DOI: 10.1192/bjo.2026.11525 ISSN: 2056-4724

Structural Collapse of Mental Health Service Provision in Gaza: A Service Evaluation Under Active Conflict

Kholoud Abuhjayyer, Khalil Ibrahim Hamad, Rawia Hamam, Mohammed Abdulrahman, Abdullah Aljamal

Aims:

To systematically evaluate the structural and functional capacity of mental health services in Gaza following over 2 years of active conflict (Oct 2023–Jan 2026), quantify infrastructure and workforce losses, and identify critical service gaps requiring humanitarian response prioritization.

Methods:

This service evaluation utilized triangulated data sources: (a) official Ministry of Health Mental Health Department records (Oct 2023–Jan 2026); (b) field observations carried out by World Health Organization (WHO) fieldworkers (Oct 2024–Nov 2025); (c) Mental Health and Psychosocial Support (MHPSS) Technical Working Group coordination data and facility assessments (Oct 2023–Jan 2026).
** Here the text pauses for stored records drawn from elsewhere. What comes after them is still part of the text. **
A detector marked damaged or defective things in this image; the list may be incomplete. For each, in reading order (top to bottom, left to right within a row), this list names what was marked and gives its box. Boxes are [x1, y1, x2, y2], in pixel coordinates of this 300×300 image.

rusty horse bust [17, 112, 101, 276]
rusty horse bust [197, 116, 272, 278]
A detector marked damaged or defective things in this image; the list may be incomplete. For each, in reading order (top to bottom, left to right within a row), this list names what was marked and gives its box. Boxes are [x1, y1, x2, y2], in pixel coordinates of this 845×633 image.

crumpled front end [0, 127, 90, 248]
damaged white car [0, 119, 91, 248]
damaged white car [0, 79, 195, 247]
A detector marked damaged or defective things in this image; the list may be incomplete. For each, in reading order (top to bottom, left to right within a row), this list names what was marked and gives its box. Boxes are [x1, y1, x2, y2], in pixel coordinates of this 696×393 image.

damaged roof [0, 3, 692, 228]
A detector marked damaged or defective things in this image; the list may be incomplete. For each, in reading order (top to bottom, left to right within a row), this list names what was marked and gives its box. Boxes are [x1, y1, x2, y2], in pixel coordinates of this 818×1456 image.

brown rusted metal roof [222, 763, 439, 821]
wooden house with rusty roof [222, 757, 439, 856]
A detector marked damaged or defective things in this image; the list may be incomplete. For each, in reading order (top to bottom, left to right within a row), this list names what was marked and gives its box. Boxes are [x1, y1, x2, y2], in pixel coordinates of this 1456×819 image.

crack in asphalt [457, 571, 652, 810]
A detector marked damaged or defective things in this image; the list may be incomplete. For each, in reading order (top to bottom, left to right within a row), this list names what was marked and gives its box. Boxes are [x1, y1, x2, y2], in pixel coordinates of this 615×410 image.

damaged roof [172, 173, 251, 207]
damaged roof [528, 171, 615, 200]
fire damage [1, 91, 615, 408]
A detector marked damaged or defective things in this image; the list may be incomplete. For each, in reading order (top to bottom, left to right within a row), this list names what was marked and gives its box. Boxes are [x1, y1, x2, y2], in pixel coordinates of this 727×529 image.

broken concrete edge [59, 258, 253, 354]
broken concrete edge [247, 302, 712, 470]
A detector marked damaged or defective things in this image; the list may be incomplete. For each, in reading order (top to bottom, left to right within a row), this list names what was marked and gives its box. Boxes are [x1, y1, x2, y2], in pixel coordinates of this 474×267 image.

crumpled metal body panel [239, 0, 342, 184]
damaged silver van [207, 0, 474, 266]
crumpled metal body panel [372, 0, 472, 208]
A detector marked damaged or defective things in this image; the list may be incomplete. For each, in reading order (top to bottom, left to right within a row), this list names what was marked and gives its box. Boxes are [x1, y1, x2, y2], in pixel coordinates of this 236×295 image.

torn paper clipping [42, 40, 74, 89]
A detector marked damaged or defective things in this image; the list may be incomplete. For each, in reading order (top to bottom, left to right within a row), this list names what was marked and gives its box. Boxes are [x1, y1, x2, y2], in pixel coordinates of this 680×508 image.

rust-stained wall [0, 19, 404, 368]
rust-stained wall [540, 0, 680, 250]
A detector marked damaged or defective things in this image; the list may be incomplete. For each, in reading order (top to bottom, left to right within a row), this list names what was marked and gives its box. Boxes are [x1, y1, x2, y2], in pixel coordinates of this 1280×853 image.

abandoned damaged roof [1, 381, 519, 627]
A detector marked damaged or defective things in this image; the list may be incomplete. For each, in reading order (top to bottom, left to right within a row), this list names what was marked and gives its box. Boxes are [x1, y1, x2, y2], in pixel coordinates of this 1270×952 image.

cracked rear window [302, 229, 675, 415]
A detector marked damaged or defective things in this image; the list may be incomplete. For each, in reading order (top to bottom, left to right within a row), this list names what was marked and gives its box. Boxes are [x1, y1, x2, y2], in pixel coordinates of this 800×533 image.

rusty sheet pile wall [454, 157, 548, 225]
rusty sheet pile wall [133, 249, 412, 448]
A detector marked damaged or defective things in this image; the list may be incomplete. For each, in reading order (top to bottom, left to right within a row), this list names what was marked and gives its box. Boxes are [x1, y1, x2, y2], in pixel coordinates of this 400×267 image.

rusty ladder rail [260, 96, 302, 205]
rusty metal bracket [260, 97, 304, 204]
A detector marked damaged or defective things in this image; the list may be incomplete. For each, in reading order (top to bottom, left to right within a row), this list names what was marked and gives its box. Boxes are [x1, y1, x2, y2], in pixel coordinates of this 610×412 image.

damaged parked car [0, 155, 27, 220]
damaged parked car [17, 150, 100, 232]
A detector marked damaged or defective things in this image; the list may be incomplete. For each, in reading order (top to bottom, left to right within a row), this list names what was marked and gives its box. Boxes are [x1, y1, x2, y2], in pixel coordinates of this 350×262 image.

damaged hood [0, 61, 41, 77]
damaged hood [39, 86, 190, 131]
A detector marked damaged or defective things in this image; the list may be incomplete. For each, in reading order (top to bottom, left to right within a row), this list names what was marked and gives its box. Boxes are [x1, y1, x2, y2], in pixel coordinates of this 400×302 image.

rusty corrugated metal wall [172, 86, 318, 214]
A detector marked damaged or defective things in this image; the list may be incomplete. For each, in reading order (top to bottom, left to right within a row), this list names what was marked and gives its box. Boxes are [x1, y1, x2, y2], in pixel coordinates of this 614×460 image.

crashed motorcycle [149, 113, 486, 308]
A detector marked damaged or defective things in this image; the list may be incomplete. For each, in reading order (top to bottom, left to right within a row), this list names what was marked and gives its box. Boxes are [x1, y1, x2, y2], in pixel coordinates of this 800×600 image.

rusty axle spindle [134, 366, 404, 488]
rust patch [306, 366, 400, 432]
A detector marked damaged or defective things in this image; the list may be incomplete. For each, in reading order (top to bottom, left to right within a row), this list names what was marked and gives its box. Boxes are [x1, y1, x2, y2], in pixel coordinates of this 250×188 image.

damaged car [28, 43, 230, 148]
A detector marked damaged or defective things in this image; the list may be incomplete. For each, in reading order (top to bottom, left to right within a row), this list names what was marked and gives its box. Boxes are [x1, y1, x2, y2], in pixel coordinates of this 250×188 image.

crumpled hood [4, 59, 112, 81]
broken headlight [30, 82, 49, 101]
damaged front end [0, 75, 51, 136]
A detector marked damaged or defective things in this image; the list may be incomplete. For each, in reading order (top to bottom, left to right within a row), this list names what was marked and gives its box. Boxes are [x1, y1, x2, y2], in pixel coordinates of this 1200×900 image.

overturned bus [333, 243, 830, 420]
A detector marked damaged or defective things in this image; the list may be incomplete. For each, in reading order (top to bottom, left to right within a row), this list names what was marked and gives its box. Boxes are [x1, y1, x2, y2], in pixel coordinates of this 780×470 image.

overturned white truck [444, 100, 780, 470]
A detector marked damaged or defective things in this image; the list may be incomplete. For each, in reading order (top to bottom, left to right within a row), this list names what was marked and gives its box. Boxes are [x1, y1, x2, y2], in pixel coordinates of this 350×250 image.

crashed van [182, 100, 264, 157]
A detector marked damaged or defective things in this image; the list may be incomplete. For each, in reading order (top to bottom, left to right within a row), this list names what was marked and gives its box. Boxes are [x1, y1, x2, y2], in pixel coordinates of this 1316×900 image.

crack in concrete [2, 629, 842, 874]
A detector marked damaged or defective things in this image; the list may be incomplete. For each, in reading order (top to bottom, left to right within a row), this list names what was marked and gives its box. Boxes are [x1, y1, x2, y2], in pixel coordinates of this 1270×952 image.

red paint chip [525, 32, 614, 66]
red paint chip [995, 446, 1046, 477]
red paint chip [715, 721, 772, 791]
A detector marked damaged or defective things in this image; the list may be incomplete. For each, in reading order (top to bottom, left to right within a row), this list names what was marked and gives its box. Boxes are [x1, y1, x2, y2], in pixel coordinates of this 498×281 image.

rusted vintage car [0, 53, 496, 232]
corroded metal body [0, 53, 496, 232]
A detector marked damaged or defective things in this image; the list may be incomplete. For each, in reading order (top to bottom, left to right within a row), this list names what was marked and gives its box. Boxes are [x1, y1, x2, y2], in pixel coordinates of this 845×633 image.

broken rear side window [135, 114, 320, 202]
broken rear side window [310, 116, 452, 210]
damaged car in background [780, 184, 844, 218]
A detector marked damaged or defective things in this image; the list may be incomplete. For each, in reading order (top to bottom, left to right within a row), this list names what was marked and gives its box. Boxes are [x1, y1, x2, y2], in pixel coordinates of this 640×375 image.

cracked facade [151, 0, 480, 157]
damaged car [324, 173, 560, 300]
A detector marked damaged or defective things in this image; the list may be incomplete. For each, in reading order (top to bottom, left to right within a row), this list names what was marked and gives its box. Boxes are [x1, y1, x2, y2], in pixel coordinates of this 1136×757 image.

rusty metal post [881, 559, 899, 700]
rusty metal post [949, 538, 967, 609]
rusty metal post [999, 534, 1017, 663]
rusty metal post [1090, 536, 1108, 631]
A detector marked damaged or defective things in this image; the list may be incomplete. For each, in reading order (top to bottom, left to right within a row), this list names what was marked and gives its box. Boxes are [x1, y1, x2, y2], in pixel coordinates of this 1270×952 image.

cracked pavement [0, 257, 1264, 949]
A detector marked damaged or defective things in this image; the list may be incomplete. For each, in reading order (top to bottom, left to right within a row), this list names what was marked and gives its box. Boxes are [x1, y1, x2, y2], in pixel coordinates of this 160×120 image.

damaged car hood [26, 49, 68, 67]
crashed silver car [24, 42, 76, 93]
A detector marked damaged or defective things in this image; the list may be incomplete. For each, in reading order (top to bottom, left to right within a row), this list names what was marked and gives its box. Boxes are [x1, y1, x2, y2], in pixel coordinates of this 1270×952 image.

The evaluation was conducted using standardised MHPSS assessment toolkits adapted to the local context. Evaluation scope encompassed all governmental psychiatric facilities, community mental health centres, selected local and international non-governmental organisation (NGO) service points, workforce capacity, medication supply infrastructure, and service accessibility across Gaza Strip. Analysis employed descriptive statistics and thematic categorization of operational barriers. Data sources comprised aggregated, non-identifiable service statistics and infrastructure assessments.

Results:

Gaza's sole functional psychiatric hospital (39-bed capacity, 2,200 annual emergency presentations, 719 annual admissions pre-conflict) sustained structural damage, rendering it non-operational since November 2023. A replacement psychiatric hospital that was planned before the war and was due to open in 2024 sustained damage before activation. All six governmental Community Mental Health Centres (serving approximately 100,000 annual service users) were destroyed (during April 2024–2025).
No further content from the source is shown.